Wakil Ketua Komisi Pemberantasan Korupsi (KPK) Alexander Marwata menghadiri audiensi dengan Indonesia Corruption Watch (ICW) dan Pusat Studi Hukum dan Kebijakan (PSHK) guna membahas laporan evaluasi kinerja KPK periode 2019-2024, yang digelar di Sapphire Room, Artotel Suites Mangkuluhur, Jakarta, Jumat (6/9).

Alex menyampaikan, KPK sangat terbuka dengan masukan dari berbagai kelompok masyarakat terlebih dari ICW dan PSHK, yang selama ini selalu memberikan saran dan kritik untuk perbaikan kinerja KPK.

“Tentunya evaluasi kinerja ini akan menjadi masukkan bagi panitia seleksi (pansel) Calon Pimpinan (Capim) dan Dewan Pengawas (Dewas) KPK periode 2024-2029, supaya pansel tau apa yang dibutuhkan oleh KPK,” ucapnya.

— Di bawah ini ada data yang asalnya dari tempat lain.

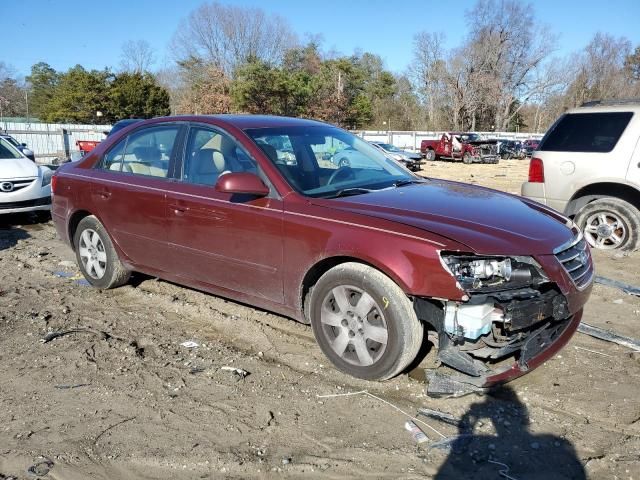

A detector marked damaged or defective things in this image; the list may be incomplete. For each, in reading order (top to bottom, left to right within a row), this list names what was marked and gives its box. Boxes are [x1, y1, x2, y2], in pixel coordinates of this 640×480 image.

damaged maroon sedan [52, 114, 592, 392]
exposed headlight assembly [442, 253, 548, 290]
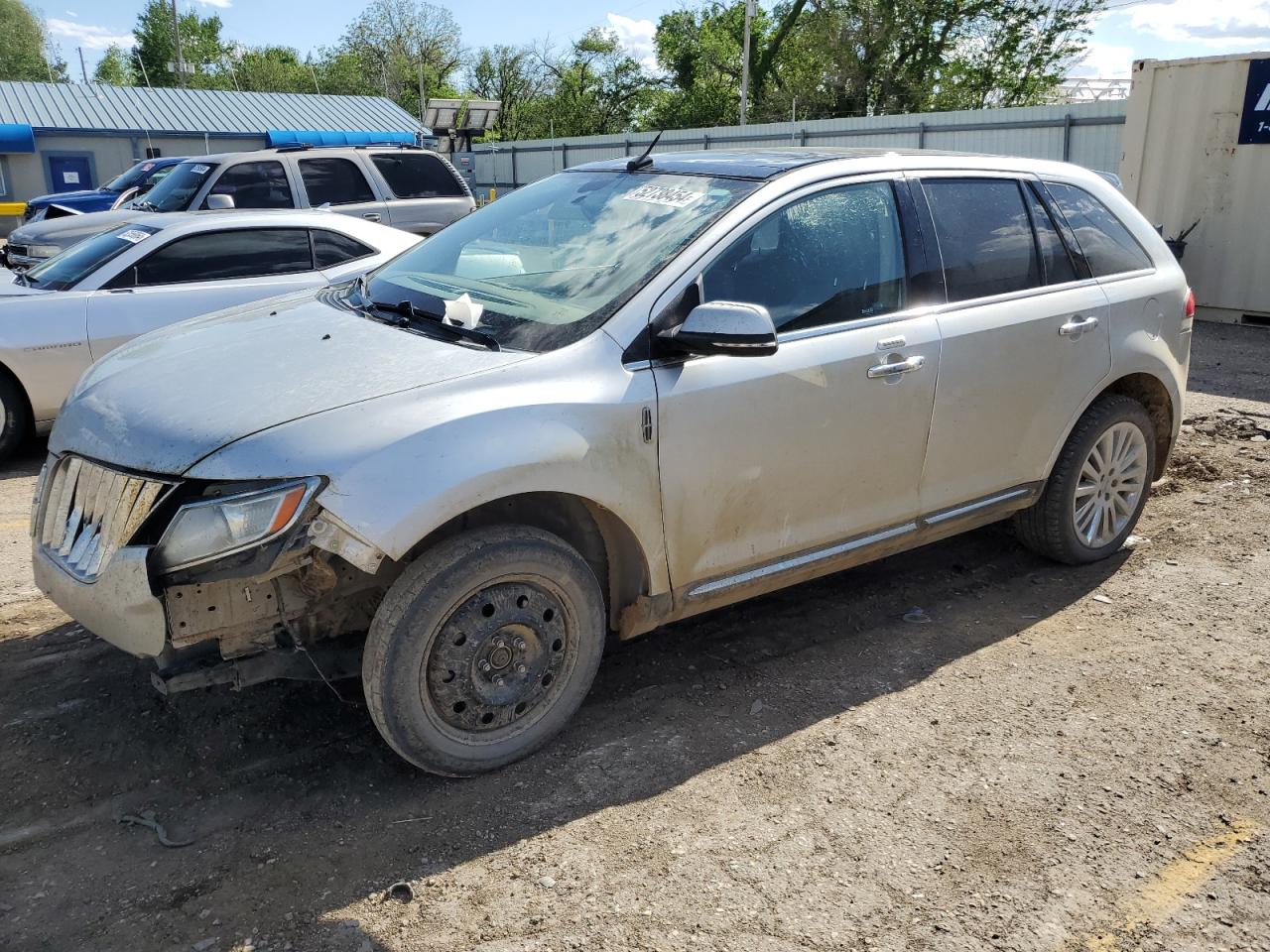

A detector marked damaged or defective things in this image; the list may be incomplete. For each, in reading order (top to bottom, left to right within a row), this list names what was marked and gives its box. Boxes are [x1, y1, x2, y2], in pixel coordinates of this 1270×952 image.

Dari evaluasi kinerja tersebut, ICW memaparkan laporan penilaian atas kinerja KPK periode 2019-2024 yang dipengaruhi Revisi Undang-Undang KPK, diantaranya: kewenangan penerbitan Surat perintah Penghentian Penyidikan (SP3), independensi pegawai, posisi dan kewenangan Dewas KPK hingga kualitas penindakan yang menurun.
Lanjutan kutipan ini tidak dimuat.